Выбрать главу

Когда мы кончили, я вынул из бумажника и подал ему 5 рублей, еще раз поблагодарив за песни. (Соломония в это время куда-то исчезла.) Оборванец спрятал деньги к себе на грудь и, к моему удивлению, сказал:

— Мало, господин.

— Как мало, — возразил я, — ведь я даю вам больше, чем мы условились.

— А вы, господин, подайте мне бумажник, как он есть, а там увидим, много или мало, — сказал бродяга. — Да, кроме того, пожалуйте мне ваши часики. Давно барином не ходил.

— Да вы с ума сошли? — вскричал я, вынимая револьвер, — отойдите от двери, а то стрелять буду!

Бродяга засмеялся.

— Дайте дорогу, говорю последний раз, — и я поднял револьвер.

В то же время дверь отворилась и вошли оба кавказца, те самые, которых я видел у Соломонии при первом своем посещении.

— Что вы тут спорите, господа, — сказал один из них, — отдайте, что следует, господин, бумажник и часики, а то хуже будет. Да и спрячьте ваш пистолет.
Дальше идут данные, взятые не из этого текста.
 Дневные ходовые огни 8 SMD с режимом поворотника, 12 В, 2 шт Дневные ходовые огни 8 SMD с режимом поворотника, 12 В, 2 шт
Один раз стрельнуть успеете, а потом и вам капут. На дне Иртыша лежать-то вам скучно будет.

Я понял, что попался в ловушку и предложил почтенной компании войти со мной в соглашение, т. е. взять половину денег и оставить мне ничего не стоящий медальон с портретом моей жены.

— Да что с ним разговаривать, — грубо гаркнул «человек из Акатуя» и, засучив рукава двинулся на меня.

Я попятился назад в крайний угол и решил не дешево продать свою жизнь, как вдруг услышал какую-то возню в сенях и голос Соломонии взывавший:

— Помогите, помогите!

Кавказцы и бродяга смутились.

Очевидно, они вообразили, что со мною пришла охрана и выбежали в сени, где мы застали следующую картину: надзиратель из тюрьмы бил лежащую на полу Соломонию, что называется, смертным боем. При этом он кричал:

— Накрыл я тебя, проклятая. Шашни завела, мало тебе одного! Шалишь! Меня не надуешь!

Я сейчас же остановил рассвирепевшаго тобольскаго Отелло и передал ему в двух словах, в чем тут дело и что я нахожусь здесь вовсе не для «шашней», а для записывания песен, причем едва не был ограблен и убит.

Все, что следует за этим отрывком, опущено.